Look over the listing below and report how many of its lines contain the string "Dynamic", with no other words.

★ ★ ★ ★ ★ ★ ★

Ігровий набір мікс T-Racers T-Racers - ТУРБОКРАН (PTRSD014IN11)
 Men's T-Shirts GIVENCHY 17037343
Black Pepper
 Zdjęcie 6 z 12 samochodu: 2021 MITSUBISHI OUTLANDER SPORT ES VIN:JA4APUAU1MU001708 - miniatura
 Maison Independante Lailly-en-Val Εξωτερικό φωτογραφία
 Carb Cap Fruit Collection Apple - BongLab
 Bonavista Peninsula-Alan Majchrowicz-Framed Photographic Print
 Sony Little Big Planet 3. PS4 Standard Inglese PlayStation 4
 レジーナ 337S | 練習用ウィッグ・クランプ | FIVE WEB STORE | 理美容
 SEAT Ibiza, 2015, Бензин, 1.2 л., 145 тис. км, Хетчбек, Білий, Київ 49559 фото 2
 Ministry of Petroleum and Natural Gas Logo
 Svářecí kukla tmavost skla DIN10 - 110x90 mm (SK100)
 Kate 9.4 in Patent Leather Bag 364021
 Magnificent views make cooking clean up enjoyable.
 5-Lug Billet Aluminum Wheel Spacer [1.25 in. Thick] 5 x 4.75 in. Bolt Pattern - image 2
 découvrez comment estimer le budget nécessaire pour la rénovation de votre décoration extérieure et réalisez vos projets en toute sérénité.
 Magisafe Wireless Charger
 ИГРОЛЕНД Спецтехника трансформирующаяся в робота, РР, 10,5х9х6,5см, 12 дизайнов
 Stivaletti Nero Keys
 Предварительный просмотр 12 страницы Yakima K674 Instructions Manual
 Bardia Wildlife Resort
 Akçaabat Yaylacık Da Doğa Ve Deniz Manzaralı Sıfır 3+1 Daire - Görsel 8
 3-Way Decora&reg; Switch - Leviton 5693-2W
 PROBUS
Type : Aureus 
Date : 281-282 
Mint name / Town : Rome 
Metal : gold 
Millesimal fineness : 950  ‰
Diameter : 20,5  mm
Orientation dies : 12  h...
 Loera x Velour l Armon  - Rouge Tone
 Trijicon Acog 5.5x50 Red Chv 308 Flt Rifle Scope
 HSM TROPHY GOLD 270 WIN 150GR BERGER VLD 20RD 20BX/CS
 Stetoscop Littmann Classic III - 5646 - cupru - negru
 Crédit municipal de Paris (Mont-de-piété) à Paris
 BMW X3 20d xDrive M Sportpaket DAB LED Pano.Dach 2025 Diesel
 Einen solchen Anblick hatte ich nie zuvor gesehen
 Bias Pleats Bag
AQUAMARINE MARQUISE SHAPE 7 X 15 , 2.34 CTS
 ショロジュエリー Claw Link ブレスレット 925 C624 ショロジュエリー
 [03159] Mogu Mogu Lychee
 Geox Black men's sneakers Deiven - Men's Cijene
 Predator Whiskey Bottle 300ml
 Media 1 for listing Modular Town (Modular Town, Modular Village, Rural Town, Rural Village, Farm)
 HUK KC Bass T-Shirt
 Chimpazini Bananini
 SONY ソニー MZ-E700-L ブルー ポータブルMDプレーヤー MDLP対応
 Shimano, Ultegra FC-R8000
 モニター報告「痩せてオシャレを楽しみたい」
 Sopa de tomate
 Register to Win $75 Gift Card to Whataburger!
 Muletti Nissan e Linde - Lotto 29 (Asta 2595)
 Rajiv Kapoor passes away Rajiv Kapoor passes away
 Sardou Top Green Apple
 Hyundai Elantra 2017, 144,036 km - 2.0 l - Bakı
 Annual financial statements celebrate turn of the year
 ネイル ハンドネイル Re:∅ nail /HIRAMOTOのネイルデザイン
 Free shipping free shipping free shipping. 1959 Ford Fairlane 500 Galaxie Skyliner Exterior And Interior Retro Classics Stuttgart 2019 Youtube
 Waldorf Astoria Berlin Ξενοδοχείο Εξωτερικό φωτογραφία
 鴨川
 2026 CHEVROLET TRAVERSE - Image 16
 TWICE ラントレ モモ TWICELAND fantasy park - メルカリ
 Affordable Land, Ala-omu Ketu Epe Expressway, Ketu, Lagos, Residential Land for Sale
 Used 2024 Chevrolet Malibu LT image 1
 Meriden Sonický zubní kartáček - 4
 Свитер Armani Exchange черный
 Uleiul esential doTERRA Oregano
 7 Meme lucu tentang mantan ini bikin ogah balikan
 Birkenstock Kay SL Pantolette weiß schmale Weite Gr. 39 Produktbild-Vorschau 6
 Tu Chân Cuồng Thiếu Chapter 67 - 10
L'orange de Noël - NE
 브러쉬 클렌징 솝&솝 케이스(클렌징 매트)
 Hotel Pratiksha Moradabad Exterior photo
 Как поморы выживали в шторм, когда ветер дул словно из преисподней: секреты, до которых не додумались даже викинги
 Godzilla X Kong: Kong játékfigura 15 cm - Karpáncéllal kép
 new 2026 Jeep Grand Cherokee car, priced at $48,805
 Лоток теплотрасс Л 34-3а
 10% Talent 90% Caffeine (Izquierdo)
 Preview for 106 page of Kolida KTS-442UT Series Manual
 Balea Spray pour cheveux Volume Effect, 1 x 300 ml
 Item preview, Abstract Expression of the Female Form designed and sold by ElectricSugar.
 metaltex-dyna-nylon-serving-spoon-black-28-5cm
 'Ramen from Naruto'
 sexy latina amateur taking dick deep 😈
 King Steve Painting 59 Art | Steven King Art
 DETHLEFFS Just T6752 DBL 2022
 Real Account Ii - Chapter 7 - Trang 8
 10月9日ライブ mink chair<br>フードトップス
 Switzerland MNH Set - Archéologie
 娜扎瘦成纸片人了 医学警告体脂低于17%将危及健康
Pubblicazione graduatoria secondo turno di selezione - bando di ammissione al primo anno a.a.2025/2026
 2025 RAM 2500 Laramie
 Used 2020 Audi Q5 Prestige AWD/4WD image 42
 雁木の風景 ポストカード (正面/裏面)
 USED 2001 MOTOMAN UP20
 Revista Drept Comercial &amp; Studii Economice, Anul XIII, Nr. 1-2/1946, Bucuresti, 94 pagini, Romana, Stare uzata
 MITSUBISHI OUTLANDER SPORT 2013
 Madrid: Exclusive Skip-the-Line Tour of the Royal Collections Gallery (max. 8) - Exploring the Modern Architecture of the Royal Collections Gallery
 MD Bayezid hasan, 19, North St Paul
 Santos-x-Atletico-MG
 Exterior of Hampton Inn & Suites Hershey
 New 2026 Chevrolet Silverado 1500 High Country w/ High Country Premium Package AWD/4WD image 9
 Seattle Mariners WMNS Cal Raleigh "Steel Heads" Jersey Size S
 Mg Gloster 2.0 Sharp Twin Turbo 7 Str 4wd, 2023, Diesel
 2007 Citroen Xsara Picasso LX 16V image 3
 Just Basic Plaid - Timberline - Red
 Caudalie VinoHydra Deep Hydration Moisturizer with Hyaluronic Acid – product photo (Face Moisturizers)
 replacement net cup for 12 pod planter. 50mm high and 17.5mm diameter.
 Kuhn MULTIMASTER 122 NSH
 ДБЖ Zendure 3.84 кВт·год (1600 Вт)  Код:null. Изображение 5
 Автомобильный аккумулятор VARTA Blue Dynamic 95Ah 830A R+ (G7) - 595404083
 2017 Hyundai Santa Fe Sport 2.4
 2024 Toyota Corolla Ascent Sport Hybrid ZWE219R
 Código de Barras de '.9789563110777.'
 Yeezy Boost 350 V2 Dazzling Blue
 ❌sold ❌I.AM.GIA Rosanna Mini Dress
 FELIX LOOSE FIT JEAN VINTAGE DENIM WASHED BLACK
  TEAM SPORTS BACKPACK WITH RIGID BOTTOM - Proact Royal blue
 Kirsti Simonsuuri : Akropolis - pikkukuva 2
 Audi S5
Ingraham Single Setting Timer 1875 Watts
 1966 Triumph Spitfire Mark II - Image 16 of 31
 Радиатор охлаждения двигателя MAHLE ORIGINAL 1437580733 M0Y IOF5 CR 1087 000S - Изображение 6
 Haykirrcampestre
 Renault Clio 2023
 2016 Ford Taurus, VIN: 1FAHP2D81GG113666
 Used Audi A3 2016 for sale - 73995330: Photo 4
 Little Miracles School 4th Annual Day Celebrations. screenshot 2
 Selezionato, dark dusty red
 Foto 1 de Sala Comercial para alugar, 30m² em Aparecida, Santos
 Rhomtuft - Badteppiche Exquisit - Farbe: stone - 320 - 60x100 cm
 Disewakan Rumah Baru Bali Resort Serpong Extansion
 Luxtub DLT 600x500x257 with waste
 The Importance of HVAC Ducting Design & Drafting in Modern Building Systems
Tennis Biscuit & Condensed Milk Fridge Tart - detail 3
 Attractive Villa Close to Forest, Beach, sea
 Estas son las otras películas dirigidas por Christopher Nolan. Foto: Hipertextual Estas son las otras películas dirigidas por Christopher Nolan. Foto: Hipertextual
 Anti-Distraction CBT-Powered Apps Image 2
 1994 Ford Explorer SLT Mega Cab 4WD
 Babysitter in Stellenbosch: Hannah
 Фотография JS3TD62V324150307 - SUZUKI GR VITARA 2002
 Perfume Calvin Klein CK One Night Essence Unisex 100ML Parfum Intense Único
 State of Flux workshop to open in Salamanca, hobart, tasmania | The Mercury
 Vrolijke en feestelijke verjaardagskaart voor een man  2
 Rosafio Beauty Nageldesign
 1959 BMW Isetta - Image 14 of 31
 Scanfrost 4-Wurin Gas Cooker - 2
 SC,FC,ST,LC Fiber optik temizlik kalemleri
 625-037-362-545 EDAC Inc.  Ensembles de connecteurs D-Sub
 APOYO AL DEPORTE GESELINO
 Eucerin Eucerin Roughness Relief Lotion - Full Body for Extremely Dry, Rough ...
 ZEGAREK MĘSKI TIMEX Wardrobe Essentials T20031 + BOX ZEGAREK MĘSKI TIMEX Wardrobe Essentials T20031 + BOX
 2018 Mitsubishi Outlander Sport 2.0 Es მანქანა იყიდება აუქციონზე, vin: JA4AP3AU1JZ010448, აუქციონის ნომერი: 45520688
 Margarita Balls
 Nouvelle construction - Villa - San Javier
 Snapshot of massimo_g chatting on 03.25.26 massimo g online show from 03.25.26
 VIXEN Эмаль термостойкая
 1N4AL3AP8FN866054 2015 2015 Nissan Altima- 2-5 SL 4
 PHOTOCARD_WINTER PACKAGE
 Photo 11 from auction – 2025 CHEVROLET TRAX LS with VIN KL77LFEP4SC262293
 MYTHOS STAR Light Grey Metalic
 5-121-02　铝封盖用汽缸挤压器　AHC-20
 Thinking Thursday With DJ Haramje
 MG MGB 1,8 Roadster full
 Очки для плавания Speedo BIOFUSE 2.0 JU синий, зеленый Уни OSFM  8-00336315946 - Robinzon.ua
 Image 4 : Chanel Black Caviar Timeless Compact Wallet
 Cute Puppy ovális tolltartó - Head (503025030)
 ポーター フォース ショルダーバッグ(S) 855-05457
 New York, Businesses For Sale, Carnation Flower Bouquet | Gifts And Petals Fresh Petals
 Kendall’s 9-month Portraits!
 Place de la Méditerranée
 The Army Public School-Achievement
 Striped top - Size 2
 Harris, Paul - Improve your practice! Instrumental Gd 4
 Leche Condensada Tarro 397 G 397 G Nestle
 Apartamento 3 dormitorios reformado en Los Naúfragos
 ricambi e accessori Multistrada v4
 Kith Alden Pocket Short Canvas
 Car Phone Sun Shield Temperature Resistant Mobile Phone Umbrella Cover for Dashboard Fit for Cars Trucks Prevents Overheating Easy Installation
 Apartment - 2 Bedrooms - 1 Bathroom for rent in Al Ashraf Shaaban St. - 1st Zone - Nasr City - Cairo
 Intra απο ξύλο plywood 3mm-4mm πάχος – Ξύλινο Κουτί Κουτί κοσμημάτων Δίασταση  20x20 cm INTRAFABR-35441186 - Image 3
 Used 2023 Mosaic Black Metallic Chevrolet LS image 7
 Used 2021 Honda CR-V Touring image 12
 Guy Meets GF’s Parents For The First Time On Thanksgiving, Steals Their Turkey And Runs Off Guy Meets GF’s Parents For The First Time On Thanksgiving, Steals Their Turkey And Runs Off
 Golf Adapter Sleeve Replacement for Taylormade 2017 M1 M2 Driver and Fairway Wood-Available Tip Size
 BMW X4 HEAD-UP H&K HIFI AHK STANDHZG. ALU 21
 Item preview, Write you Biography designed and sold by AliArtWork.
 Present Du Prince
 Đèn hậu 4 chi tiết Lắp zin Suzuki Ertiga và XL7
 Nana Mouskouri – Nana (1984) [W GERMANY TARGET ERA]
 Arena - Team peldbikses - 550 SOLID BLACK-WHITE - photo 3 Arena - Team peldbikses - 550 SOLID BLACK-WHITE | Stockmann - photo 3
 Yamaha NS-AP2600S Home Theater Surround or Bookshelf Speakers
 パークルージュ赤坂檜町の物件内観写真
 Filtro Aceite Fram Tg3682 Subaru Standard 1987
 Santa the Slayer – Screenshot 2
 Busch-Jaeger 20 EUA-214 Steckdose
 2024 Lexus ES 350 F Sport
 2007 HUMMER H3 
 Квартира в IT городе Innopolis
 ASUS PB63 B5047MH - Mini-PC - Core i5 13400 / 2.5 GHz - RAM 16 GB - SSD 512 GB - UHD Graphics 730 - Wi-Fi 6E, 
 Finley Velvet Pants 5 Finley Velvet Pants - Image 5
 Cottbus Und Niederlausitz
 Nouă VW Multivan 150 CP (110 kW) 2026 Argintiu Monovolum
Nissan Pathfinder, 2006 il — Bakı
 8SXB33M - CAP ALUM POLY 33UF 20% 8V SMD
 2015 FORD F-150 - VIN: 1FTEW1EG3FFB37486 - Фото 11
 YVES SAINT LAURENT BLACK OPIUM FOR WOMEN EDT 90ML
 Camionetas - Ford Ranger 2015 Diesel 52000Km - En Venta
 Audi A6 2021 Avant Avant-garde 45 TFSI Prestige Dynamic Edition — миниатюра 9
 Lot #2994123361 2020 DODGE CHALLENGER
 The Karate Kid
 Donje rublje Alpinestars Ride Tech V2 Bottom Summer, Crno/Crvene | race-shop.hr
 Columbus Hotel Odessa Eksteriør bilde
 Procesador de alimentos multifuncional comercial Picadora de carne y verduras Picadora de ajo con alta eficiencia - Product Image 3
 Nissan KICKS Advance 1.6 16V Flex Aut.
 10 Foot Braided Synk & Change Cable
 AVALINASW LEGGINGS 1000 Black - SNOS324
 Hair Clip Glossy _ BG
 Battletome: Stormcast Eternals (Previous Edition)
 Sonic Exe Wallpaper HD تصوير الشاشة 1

★ ★ ★ ★ ★ ★ ★

- **Answer area**:
2